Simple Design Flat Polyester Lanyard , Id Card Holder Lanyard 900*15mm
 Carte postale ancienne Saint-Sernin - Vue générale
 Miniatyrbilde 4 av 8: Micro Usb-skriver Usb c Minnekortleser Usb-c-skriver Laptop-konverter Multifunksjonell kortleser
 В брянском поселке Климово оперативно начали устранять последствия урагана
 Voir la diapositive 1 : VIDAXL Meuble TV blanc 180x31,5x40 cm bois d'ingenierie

----------------------------------------

Having read the records, return each one exactly.

Simple Design Flat Polyester Lanyard , Id Card Holder Lanyard 900*15mm
 Carte postale ancienne Saint-Sernin - Vue générale
 Miniatyrbilde 4 av 8: Micro Usb-skriver Usb c Minnekortleser Usb-c-skriver Laptop-konverter Multifunksjonell kortleser
 В брянском поселке Климово оперативно начали устранять последствия урагана
 Voir la diapositive 1 : VIDAXL Meuble TV blanc 180x31,5x40 cm bois d'ingenierie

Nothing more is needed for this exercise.